Thread: Determining equation from given graph

1. Determining equation from given graph

An arched window with base width 2b and height h is set into a wall. The arch
is to be either an arc of a parabola or a half-cycle of a cosine curve.

a. If the arch is an arc of a parabola, write an equation for the parabola
relative to the coordinate system shown in the figure. (x-intercepts are
(−b,0) and (b,0). y-intercept is (0,h).)
b. If the arch is a half-cycle of a cosine curve, write an equation for the
cosine curve relative to the coordinate system shown in the figure.
c. Of these two window designs, which has the greater area? Justify your

a.) I got y=-x^2+b^2?
b.) I know that it might be something like cos(pi*bx/2) possibly?
c.) I'm clueless how to do this one. Do i take the integral of each equation?

2. Standard Form Of a Quadratic Equation

You know the standard equation of a quadratic equation?

a(x-h)^2+k where (h,k) is the vertex of the parabola.

Well this is obviously a Quadratic because the graph is a downward parabola which is symetrical with respect to the y-axis.

Can you find a way to write this equation in standard form without anymore of my help?

Hint: h is the last term of your eqution!

3. Oh I haven't done that for so long. It is a(x)^2+h?

4. remember a is not defined in the given graph.

Spoiler:
try $\frac{-h}{b^{2}}x^{2}+h=y$
.

lol. sorry this dosent work. how do you add a spoiler?

5. Oh ok that makes more sense. I knew b^2 had to be part of it.

6. Originally Posted by ment2byours

An arched window with base width 2b and height h is set into a wall. The arch
is to be either an arc of a parabola or a half-cycle of a cosine curve.

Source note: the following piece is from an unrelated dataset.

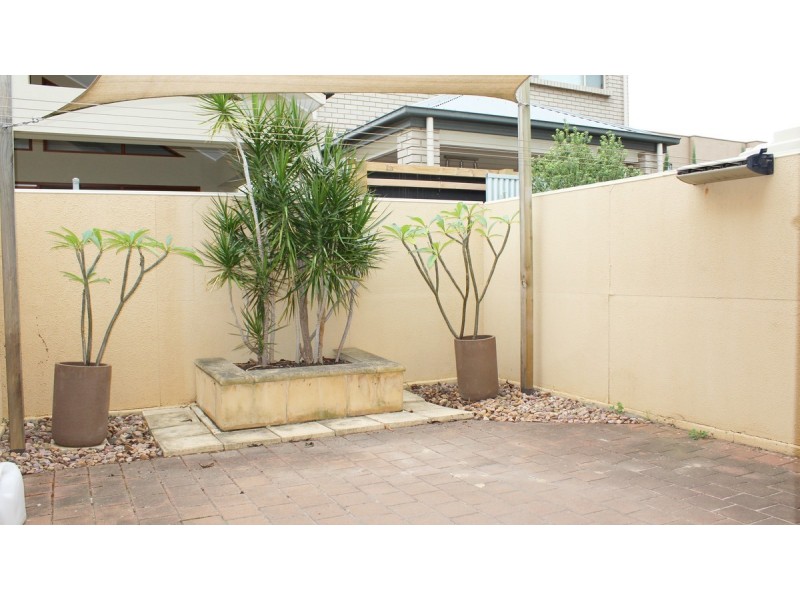 4/25 Second Street, Brompton SA 5007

a. If the arch is an arc of a parabola, write an equation for the parabola
relative to the coordinate system shown in the figure. (x-intercepts are
(−b,0) and (b,0). y-intercept is (0,h).)
b. If the arch is a half-cycle of a cosine curve, write an equation for the
cosine curve relative to the coordinate system shown in the figure.
c. Of these two window designs, which has the greater area? Justify your

a.) I got y=-x^2+b^2?
b.) I know that it might be something like cos(pi*bx/2) possibly?
c.) I'm clueless how to do this one. Do i take the integral of each equation?
a.) Well the two zeroes are b and -b, and the parabola is concave down, so the equation is $f(x)=-k(x-b)(x+b)$. Since you know that $f(0)=-k(-b)(b) = kb^2 = h$, we can conclude that $k=\frac{h}{b^2}$ So the equation you're looking for is $f(x)=-\frac{h}{b^2}(x-b)(x+b)$.

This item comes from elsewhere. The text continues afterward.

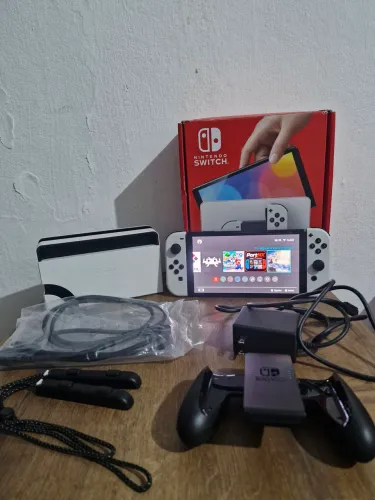 Nintendo Switch Oled Desbloqueado + MicroSD 128GB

b.) If it's a cosine curve, and it takes 2b to complete a half-cycle, then it takes 4b to complete a full cycle. Thus we have that the period is $\frac{2\pi}{4b}=\frac{\pi}{2b}$. So the equation is $g(x)=k\cos\left(\frac{\pi}{2b}x\right)$. Since $g(0)=k=h$, we have that $g(x)=h\cos\left(\frac{\pi}{2b}x\right)$

c.) To see which has the greatest area, simply calculate the area for each one.

$-\frac{h}{b^2}\int_{-b}^b x^2-b^2\,dx = -\frac{h}{b^2}\left[\frac{x^3}{3}-b^2 x\right]_{-b}^b = \frac{4}{3}hb$

$h\int_{-b}^b \cos\left(\frac{\pi}{2b}x\right)\,dx = h\left[\frac{2b}{\pi}\sin\left(\frac{\pi}{2b}x\right)\rig ht]_{-b}^b = \frac{4}{\pi}hb$

Comparing $\frac{4}{3}hb$ and $\frac{4}{\pi}hb$, we see that $\frac{4}{3}hb > \frac{4}{\pi}hb$, so the area of the parabola is bigger.

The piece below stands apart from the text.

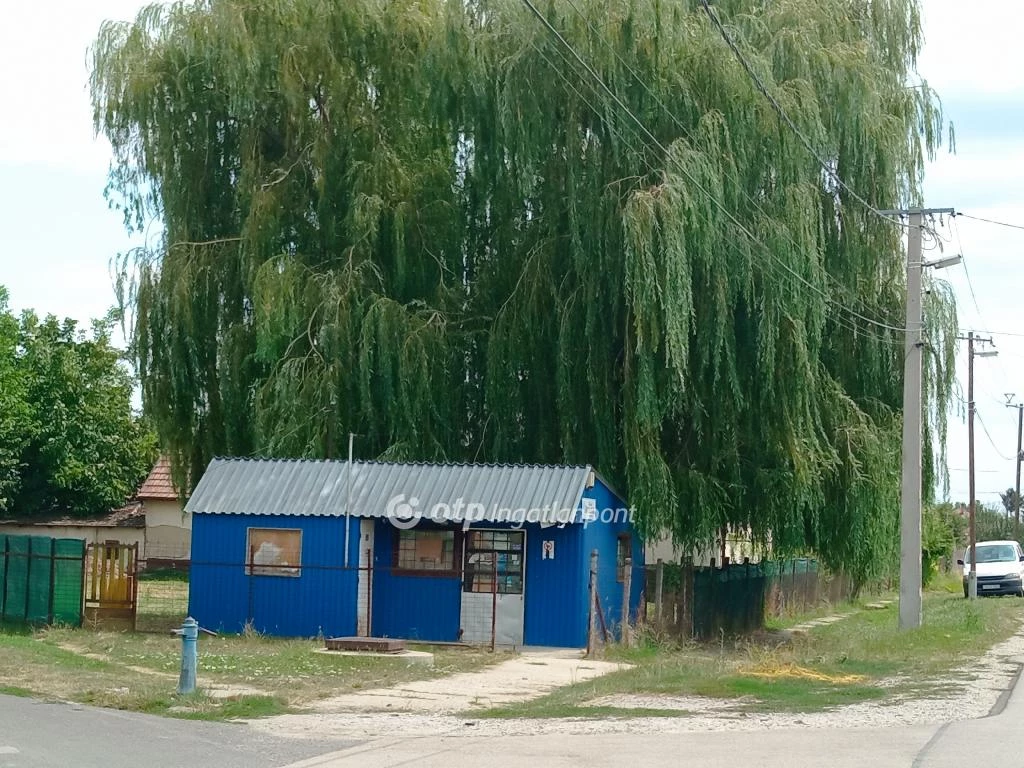 For sale building plot, Jászkisér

adhyeta: You add a spoiler by wrapping spoiler tags around it "(spoiler)" and "(/spoiler)" (using square brackets of course, but I couldn't write them properly here or otherwise the system would actually put a spoiler in this explanation!)

7. Originally Posted by redsoxfan325

adhyeta: You add a spoiler by wrapping spoiler tags around it "(spoiler)" and "(/spoiler)" (using square brackets of course, but I couldn't write them properly here or otherwise the system would actually put a spoiler in this explanation!)
i tried that. dosent work. is the code case sensitive?

8. I don't think so. In your post above, you have the close tag as [ /spoiler]. Delete the extra space to make it [/spoiler].

9. Originally Posted by redsoxfan325
I don't think so. In your post above, you have the close tag as [ /spoiler]. Delete the extra space to make it [/spoiler].
-wow-

thnx!